Exactly and only the lines from the line holding "The Estate of" to the end of the records should be reproduced. Leave pictures out.

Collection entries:
________________

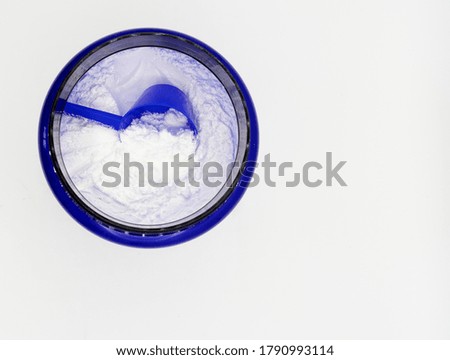 Top view of a blue container containing a white powdered sports supplement with a blue scoop Royalty-Free Stock Photo #1790993114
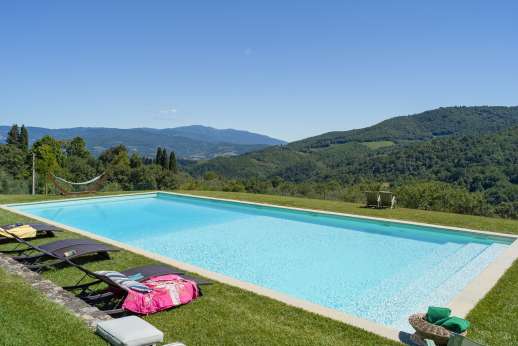The Estate of Petroio with Staff and Cook - The very large, fenced swimming pool, 8 x 18m/26 x 58 feet, is set on a lawned terrace enjoying sun all day and stunning views.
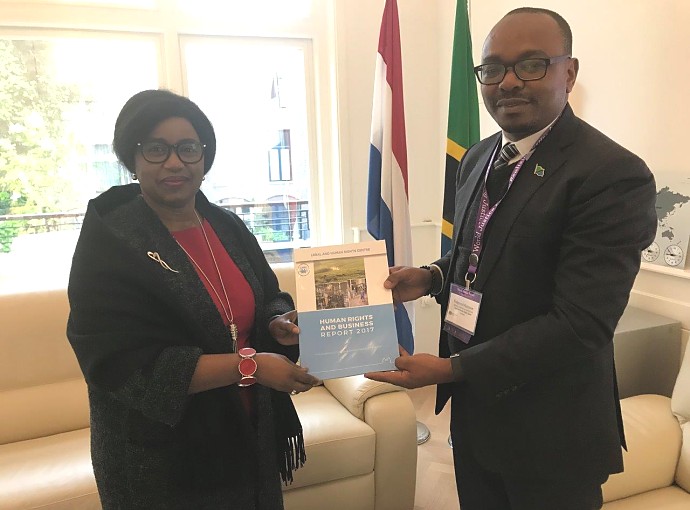 Director of Advocacy and Reforms from the LHRC, Mr. Fulgence Massawe hands a copy of Human Rights and Business Report 2017 to the Ambassador, when he visited the Embassy on 2nd May 2019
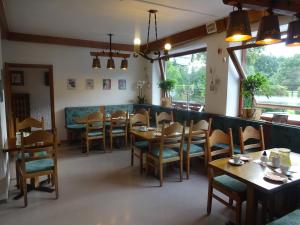 a dining room with wooden tables and chairs at Hotel Garni Schlossblick in Hohenschwangau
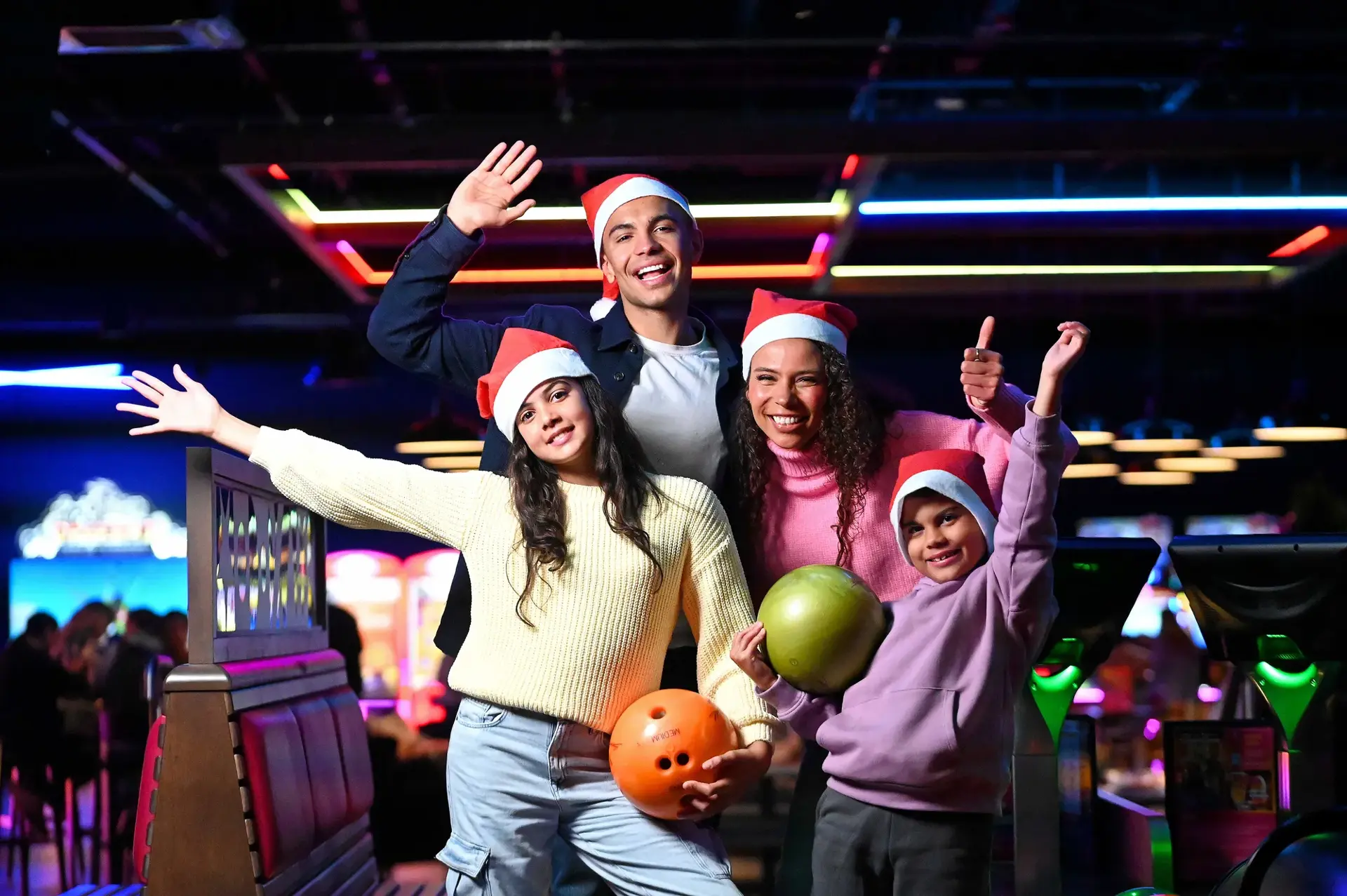A joyful group of four people wearing Santa hats hold bowling balls and pose cheerfully in a brightly lit bowling alley, conveying holiday fun.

________________

» Exercise solution:
The Estate of Petroio with Staff and Cook - The very large, fenced swimming pool, 8 x 18m/26 x 58 feet, is set on a lawned terrace enjoying sun all day and stunning views.
 Director of Advocacy and Reforms from the LHRC, Mr. Fulgence Massawe hands a copy of Human Rights and Business Report 2017 to the Ambassador, when he visited the Embassy on 2nd May 2019
 a dining room with wooden tables and chairs at Hotel Garni Schlossblick in Hohenschwangau
A joyful group of four people wearing Santa hats hold bowling balls and pose cheerfully in a brightly lit bowling alley, conveying holiday fun.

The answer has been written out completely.